If a child is traumatized for a short period of time by a stranger as in many cases of sex abuse, the need for longer term treatment is less.  The length of treatment is directly proportional to: (a) length of abuse (b) intensity of abuse (c) closeness of the abuser to the child (d) circumstances surrounding the abuse (e) response of adults to abuse.  A careful analysis of the abuse is essential for adequate treatment planning.

 

Phase One:  Connection

 

Before any therapeutic intervention is possible, the child must feel confident that his guide is trustworthy.
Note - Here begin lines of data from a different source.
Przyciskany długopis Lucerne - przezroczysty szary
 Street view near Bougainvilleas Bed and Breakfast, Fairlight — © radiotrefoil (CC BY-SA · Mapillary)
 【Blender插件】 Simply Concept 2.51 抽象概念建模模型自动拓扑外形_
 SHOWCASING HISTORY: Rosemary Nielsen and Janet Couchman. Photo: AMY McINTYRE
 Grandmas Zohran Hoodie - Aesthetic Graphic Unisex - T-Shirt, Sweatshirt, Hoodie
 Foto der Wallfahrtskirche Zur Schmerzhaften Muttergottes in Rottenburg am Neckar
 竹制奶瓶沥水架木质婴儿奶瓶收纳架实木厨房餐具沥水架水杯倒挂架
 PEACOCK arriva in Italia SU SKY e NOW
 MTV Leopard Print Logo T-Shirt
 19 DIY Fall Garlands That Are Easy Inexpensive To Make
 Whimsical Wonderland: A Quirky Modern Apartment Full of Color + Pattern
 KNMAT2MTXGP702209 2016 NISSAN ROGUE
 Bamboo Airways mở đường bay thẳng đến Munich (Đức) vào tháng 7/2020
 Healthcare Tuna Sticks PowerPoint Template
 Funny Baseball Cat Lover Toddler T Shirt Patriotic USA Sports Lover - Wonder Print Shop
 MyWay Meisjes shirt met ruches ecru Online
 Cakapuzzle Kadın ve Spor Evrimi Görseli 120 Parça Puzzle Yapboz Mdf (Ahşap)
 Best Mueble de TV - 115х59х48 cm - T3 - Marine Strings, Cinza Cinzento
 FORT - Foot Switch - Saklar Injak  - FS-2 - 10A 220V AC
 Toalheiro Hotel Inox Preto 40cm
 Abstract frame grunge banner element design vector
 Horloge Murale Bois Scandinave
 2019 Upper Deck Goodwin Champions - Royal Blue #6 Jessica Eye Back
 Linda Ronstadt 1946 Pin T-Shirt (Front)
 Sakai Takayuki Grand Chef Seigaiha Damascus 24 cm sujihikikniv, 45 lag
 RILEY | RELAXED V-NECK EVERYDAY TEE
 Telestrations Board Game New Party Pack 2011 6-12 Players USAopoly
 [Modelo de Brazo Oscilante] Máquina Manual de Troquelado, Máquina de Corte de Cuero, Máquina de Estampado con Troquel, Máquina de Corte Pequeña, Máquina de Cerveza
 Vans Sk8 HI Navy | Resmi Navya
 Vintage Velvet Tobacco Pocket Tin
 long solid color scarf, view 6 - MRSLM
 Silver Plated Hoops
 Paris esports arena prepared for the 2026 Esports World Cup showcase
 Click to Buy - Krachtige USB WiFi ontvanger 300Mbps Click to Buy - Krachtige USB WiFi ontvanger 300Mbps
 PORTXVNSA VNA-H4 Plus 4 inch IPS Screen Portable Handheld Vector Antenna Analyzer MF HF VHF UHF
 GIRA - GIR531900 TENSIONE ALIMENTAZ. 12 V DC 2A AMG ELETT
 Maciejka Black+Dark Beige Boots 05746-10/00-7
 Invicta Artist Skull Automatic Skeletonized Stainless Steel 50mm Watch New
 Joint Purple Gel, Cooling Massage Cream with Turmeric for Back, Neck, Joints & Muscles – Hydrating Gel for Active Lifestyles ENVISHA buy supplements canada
This phase of connection is tantamount to building a CORRIDOR OF TRUST between adult and child.  The child needs to know that the adult can PLAY, can interact at THEIR level.  The child knows  quickly whether the therapist cares about him or whether the adult is trying to force the child into the adult world of talking and asking questions.

 

Phase Two: Identification of Traumatic Themes

 

Throughout the first 9-l8 months the child will develop 4-8 consistent games or play patterns each of which reflects his attempt to externalize feelings around specific themes drawn from past and current life.  Each game is a communication and repeated themes are especially significant.  This middle phase of therapy is dedicated to mapping out the child’s important themes and gaining an understanding of their dynamic inter-relationship with each other.

 

Phase Three:  Exercising Control and Healthy Solutions

 

After the groundwork is laid, the themes are well played out and a larger global picture of the child is developed, play therapy can begin to be more directive and encourage the child to practice more productive solutions to his common conflict themes.

 

Phase Four:  Reintegration and Rebuilding

 

After the child has externalized thematic conflicts, practiced more healthy solutions to them, it is time to pull everything together through interpretations.  Although mini-interpretations are made throughout therapy, in this phase, everything is related back to the interpretation.  The child’s play can be refocused directly back to real life experience.  Replaying the traumatic themes is discouraged, and the child is directed back to why he or she started play therapy.

 

Phase Five:  Termination

 

Terminating play therapy is often more difficult for the therapist than the child.  At least 3-6 months’ notice needs to be given the child and the therapy times thinned down gradually to every other week and then monthly.  The child usually begins acting out again, and these flare ups need to be interpreted and support given to the child’s new-found strength.